None of the music included in The Vault Experience, which can be pre-ordered at genesimmonsvault.com, will be released digitally. Songs include original demos and studio recordings, some of which, “stylistically, (are) all over the place, which is why (they) didn’t end up on KISS records,” Simmons explains.
There are also a slew of collaborations, including demos of three tracks with Van Halen and a recording with Bob Dylan. One of the most personal is My Uncle Is a Raft, the first song Simmons ever wrote and recorded as a teenager. The tune is about his uncle, George, who became a father figure for him when he and his mom moved to the United States from Israel.
“I must’ve written over a hundred really horrible songs,” Simmons says. “My first one (went), ‘My uncle is a raft and he always keeps me floating. He is so good to me.’ I didn’t have the gift of gab — I wasn’t born in America — so my lyrics were bizarre.”
The set goes for $2,000 and will be hand-delivered to buyers by Simmons starting Dec. 31. Additional packages run $25,000 and $50,000, and include a Vault executive producer’s credit and a two-hour get-together with Simmons at a fan’s home.
Hefty price tag aside, Vault is the only opportunity for fans to hear new material from KISS for the foreseeable future: Simmons says the band currently has no plans to release another album.
“What’s the incentive of working for six months to a year on a new record when people are going to download it for free?” he says. “KISS is not a charity.”
Plus, the gruff rock icon is busy with a handful of other projects: a book about personal wealth, On Power, due Nov. 14, and an expanding restaurant chain, Rock & Brews, which he co-founded with bandmate Paul Stanley.

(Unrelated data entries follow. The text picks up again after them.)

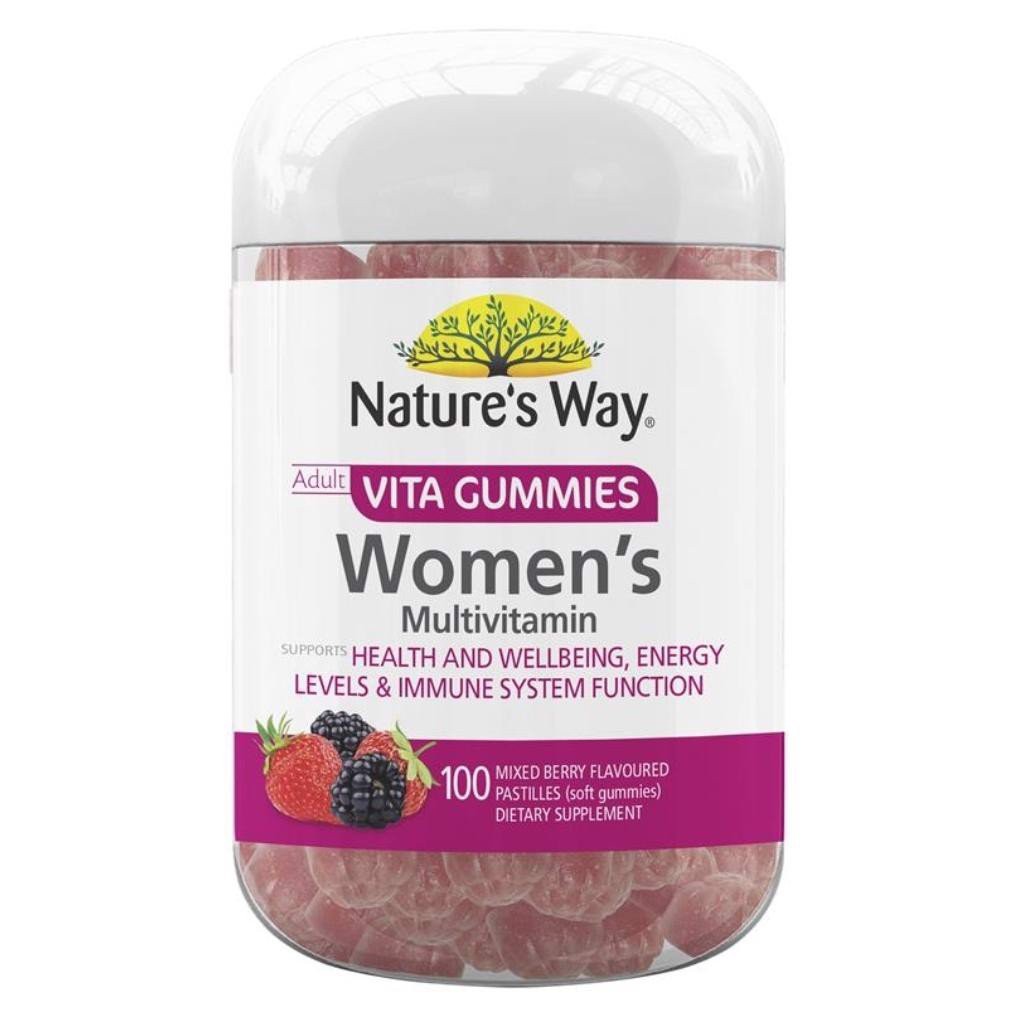 KẸO VITAMIN TỔNG HỢP CHO NỮ GIỚI - NATURE'S WAY WOMEN’S MULTI-VITAMIN 100 VIÊn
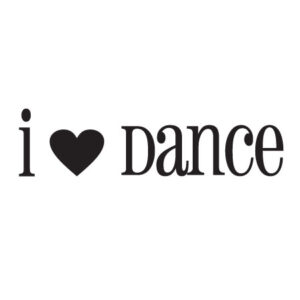 I Heart Dance Wall Quotes™ Decal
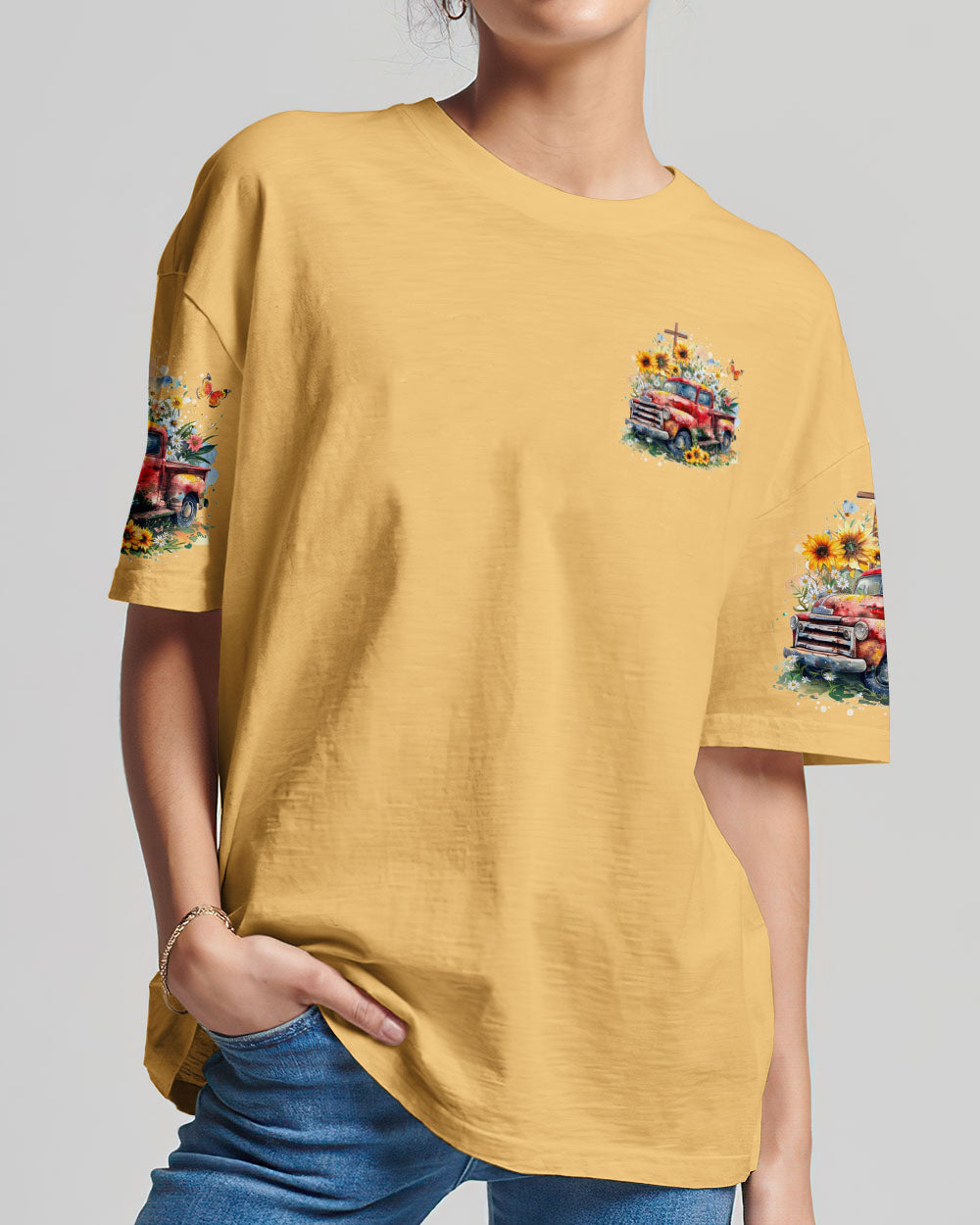 Jesus Take The Wheel Women's All Over Print Shirt - Tytd2307241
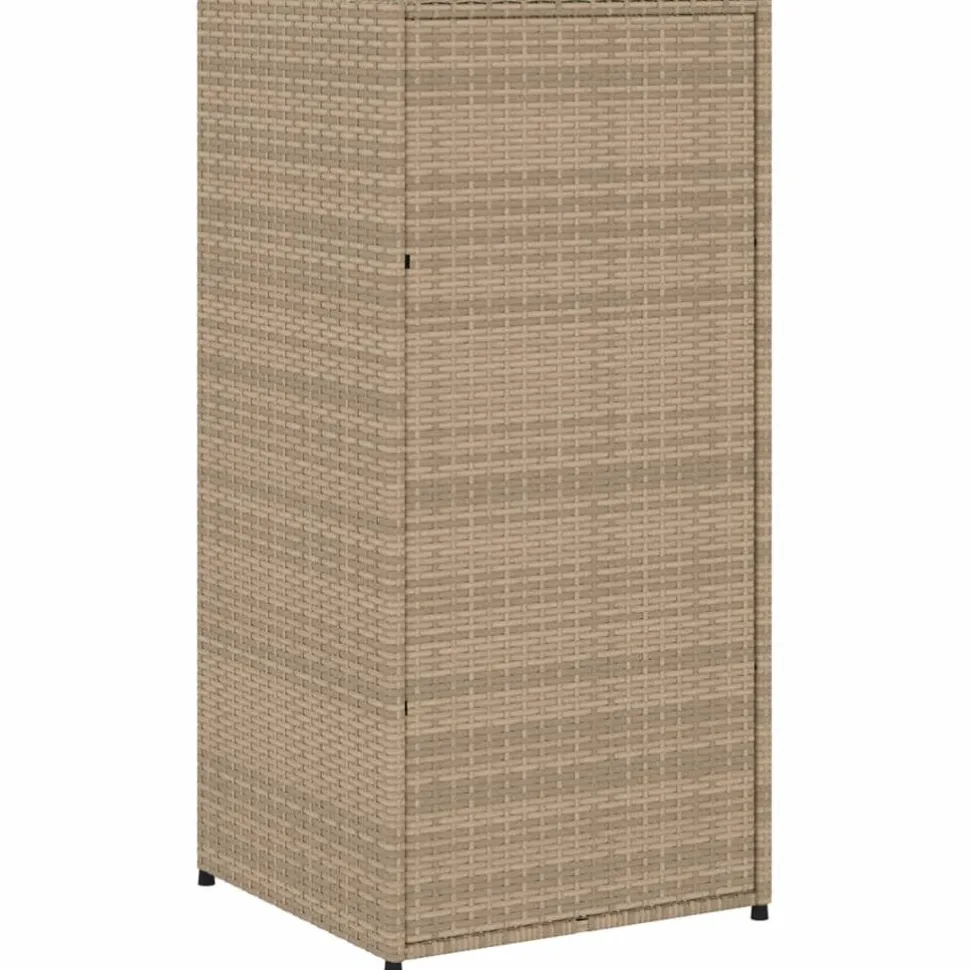 Puutarhan säilytyskaappi beige 55x55x111 cm polyrottinki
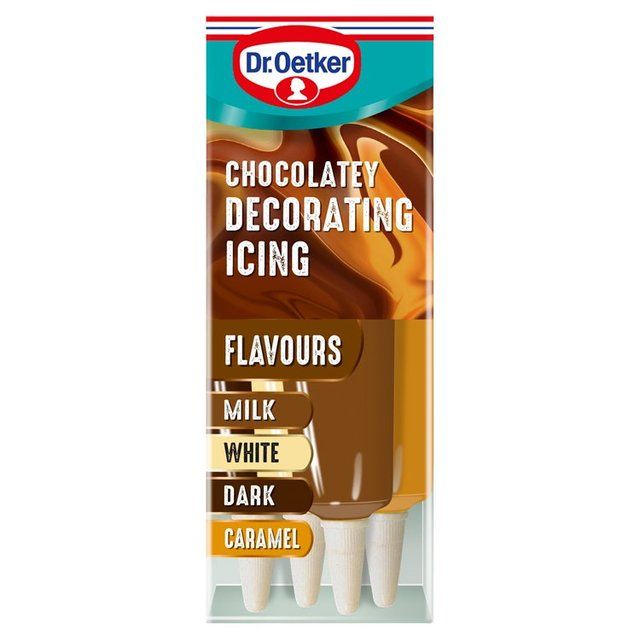 Dr. Oetker Chocolate Flavoured Decorating Writing Icing   76g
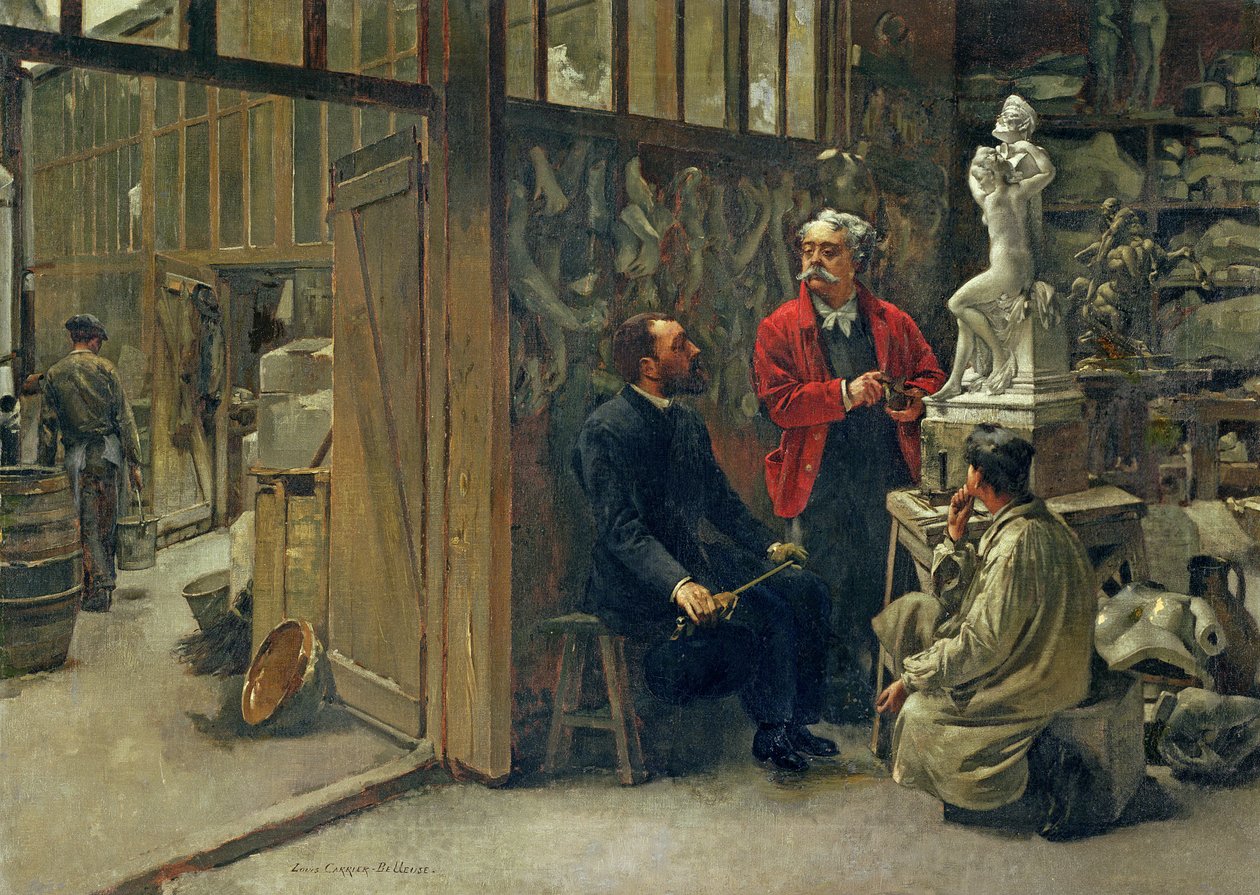 The Sculptors Studio, c.1870 av Louis Robert Carrier Belleuse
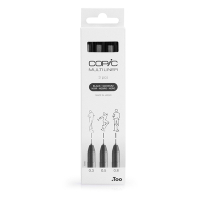 Copic Multiliner finelinerset zwart (0,3 - 0,8 mm) 3 stuks 22075630 311017
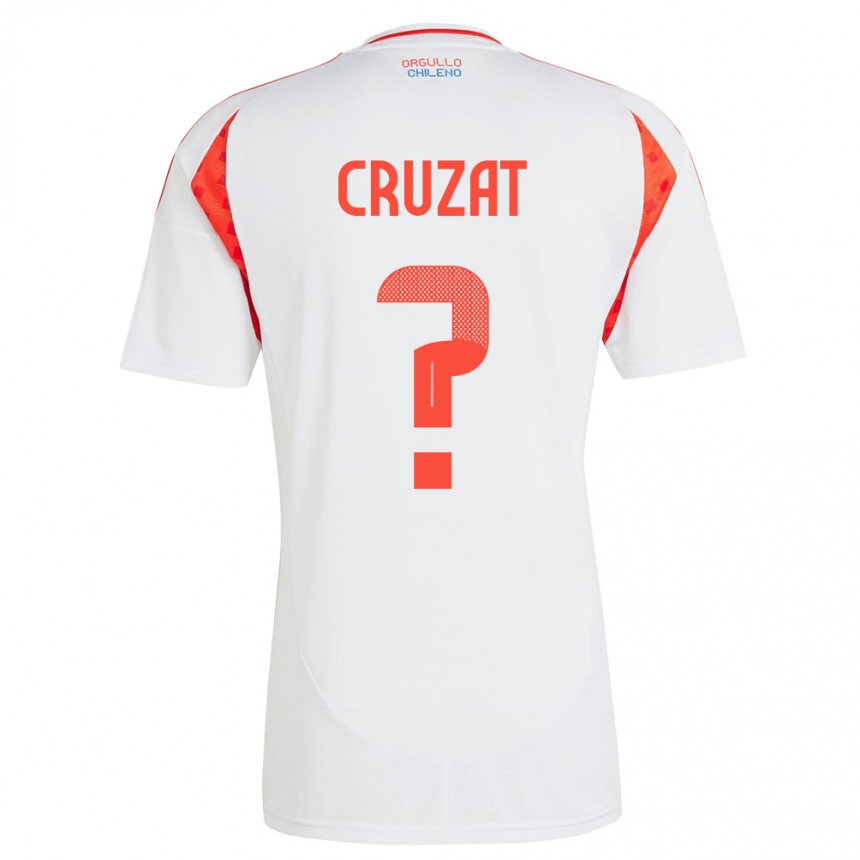 Niño Fútbol Camiseta Chile Ignacio Cruzat #0 Blanco 2ª Equipación 24-26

Simmons says he doesn’t think about KISS’ legacy, because “we’ve already scaled the heights. Our licensing and merchandising dwarfs Elvis and The Beatles combined. If you go to Graceland, there’s a KISS exhibit — that’s what people come to see.”
When KISS was founded in 1973, “nobody thought it would go the distance,” he continues. ” ‘Here’s an idea: I’m going to wear more makeup and higher heels than your mommy, and we’re going to look completely different than any band that’s out there, and I’m going to stick my tongue out and spit fire, and fly through the air.’ Not a chance in hell.
“We always kind of just bumbled along and marched to the beat of our own drum. KISS was always KISS.”